SULSEL , MAROS — Komitmen aparat kepolisian dalam memberantas tindak kejahatan di wilayah hukum Kabupaten Maros kembali membuahkan hasil. Seorang residivis kambuhan berinisial A (30) tak berkutik saat diringkus tim gabungan dari Satuan Reserse Kriminal (Satreskrim) Polres Maros bersama Unit Reskrim Polsek Lau.
Pelaku diciduk atas dugaan tindak pidana pencurian perhiasan emas milik seorang warga di Kecamatan Bontoa, Kabupaten Maros. Pelarian pelaku berakhir setelah polisi mengendus keberadaannya di wilayah Kecamatan Segeri, Kabupaten Pangkajene dan Kepulauan (Pangkep), Kamis (9/7/2026).
Kasus ini bermula dari laporan korban yang terkejut mendapati gelang emas miliknya raib setelah meninggalkan rumah dalam keadaan kosong pada Senin (22/6/2026) lalu. Anehnya, saat korban kembali, tidak ditemukan adanya tanda-tanda kerusakan pada pintu maupun jendela rumah. Kondisi dalam rumah pun tidak berantakan.
Hal ini memicu dugaan kuat bahwa pelaku sengaja mengincar rumah tersebut dan sudah mengetahui persis di mana korban menyimpan barang berharganya. Akibat kejadian ini, korban harus kehilangan satu buah gelang emas seberat 8,75 gram dengan taksiran kerugian mencapai Rp17 juta.
Merespons laporan masyarakat, jajaran Satreskrim Polres Maros langsung bergerak cepat. Di bawah komando Kasat Reskrim Polres Maros, AKP Ridwan, S.H., M.H., tim penyidik langsung melakukan olah TKP, mengumpulkan keterangan saksi-saksi, serta melacak jejak digital dan lapangan pelaku.
“Hasil penyelidikan intensif mengarah pada keberadaan terduga pelaku yang bersembunyi di wilayah Kecamatan Segeri, Kabupaten Pangkep. Kami langsung berkoordinasi dengan Tim Resmob Polres Pangkep, bergerak ke lokasi, dan berhasil mengamankan pelaku tanpa perlawanan,” ungkap AKP Ridwan saat dikonfirmasi, Minggu (12/7/2026).

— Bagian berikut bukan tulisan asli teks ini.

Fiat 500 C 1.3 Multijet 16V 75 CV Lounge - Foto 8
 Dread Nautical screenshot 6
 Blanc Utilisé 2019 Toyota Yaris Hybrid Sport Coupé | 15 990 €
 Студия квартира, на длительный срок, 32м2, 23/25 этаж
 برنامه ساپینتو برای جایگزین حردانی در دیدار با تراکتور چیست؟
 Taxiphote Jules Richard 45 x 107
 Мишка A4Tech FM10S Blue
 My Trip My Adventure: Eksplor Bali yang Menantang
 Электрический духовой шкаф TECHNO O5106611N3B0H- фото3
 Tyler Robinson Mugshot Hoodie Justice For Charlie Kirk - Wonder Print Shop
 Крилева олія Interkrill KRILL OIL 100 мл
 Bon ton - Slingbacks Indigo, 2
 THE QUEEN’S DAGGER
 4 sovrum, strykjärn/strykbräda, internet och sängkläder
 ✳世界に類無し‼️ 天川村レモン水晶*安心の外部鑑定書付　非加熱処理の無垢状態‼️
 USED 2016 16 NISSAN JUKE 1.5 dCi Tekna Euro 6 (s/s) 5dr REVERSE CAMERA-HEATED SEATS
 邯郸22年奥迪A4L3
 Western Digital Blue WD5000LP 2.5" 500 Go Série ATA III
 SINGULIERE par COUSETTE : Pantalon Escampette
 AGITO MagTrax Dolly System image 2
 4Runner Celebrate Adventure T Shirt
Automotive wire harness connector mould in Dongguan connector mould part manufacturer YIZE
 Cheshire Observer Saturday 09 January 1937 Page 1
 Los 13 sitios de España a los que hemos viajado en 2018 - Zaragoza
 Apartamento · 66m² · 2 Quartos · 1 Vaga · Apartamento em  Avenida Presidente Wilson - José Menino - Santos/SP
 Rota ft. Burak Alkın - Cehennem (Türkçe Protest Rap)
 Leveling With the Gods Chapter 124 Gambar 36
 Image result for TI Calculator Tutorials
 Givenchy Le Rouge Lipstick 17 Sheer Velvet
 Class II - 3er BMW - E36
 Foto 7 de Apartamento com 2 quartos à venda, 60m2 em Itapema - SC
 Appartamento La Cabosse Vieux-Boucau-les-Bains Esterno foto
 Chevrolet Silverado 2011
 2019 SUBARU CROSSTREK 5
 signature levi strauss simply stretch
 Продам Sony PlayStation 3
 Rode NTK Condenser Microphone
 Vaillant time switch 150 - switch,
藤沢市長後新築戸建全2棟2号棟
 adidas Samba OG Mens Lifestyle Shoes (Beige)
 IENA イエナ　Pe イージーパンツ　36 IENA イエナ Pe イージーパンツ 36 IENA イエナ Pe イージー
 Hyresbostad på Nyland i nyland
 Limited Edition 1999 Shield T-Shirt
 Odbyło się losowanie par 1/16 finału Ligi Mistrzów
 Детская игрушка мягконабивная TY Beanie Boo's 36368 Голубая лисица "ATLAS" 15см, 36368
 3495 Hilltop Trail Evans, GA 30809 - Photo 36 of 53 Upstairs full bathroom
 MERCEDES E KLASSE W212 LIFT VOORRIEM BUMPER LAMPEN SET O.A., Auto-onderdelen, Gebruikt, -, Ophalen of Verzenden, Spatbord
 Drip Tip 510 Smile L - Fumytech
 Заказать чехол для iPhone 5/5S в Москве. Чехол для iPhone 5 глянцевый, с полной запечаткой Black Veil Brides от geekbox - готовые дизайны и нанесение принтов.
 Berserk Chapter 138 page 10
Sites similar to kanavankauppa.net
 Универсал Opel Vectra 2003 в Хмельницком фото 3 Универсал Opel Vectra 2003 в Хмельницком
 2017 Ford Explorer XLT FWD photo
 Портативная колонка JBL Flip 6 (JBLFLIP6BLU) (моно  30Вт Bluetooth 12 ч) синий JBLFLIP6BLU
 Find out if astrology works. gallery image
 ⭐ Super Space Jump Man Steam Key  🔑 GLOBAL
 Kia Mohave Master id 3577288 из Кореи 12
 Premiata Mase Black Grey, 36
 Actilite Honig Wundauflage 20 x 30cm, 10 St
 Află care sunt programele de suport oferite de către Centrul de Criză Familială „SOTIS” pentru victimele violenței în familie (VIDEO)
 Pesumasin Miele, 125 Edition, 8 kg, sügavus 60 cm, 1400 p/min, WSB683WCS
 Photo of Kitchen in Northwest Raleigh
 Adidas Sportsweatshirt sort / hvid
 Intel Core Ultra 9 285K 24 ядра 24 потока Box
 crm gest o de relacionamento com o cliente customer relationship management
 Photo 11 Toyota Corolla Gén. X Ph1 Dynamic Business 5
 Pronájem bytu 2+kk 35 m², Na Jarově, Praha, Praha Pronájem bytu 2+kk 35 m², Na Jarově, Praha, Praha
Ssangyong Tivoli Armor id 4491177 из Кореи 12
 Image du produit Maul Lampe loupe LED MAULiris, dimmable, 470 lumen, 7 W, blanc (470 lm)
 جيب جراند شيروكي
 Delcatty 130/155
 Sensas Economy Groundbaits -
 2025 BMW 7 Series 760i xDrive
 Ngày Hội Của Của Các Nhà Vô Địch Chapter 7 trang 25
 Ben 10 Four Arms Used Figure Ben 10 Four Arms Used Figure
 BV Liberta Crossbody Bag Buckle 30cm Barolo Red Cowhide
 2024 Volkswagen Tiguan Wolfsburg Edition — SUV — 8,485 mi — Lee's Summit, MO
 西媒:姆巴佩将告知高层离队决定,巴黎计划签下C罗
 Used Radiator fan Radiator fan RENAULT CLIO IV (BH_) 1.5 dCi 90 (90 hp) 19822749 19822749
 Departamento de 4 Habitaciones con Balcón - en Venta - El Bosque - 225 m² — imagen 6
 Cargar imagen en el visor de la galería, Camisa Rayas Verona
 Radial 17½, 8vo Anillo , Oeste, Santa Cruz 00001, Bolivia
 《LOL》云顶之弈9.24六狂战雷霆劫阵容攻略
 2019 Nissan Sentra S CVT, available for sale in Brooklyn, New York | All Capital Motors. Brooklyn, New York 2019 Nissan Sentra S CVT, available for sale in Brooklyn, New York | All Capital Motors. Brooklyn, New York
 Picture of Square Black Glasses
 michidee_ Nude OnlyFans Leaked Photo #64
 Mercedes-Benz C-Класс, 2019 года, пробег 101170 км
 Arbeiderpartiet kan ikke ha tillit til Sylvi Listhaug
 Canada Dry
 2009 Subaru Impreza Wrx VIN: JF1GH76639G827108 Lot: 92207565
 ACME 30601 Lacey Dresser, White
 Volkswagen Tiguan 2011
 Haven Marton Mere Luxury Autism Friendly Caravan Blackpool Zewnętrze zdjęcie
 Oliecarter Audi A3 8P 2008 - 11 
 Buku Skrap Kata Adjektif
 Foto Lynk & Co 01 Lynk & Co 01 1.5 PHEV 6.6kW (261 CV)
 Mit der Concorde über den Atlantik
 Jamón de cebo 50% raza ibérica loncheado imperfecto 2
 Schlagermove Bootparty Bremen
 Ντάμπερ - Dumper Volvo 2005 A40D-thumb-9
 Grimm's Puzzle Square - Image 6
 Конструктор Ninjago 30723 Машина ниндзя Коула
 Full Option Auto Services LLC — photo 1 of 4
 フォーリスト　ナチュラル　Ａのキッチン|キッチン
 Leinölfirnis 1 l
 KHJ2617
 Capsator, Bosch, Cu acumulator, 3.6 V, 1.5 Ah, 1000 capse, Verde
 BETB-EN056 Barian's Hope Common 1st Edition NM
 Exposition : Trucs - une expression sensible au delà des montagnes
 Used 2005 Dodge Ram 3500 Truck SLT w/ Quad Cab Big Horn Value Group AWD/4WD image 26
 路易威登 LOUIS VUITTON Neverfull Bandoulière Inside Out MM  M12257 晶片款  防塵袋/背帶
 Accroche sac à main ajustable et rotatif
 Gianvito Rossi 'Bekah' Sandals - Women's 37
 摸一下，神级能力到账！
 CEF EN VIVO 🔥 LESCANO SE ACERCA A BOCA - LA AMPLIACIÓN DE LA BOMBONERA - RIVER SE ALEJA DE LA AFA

Dari hasil interogasi awal, pelaku A mengakui semua perbuatannya. Ia memanfaatkan kelengahan korban saat rumah dalam kondisi sepi. Ironisnya, gelang emas hasil curian tersebut diketahui telah dijual oleh pelaku dengan harga Rp12 juta.
Selain mengamankan pelaku, petugas juga berhasil menyita barang bukti berupa:
- Satu buah gelang emas berbentuk bunga.
- Satu unit sepeda motor yang digunakan pelaku saat melancarkan aksi kejahatannya.
Rekam jejak pelaku akhirnya terkelupas. AKP Ridwan mengungkapkan bahwa pelaku A bukanlah orang baru di dunia kriminal. Berdasarkan data base catatan kepolisian, ia merupakan seorang residivis kasus pencurian yang sebelumnya pernah meringkuk di jeruji besi wilayah hukum Polres Pangkep.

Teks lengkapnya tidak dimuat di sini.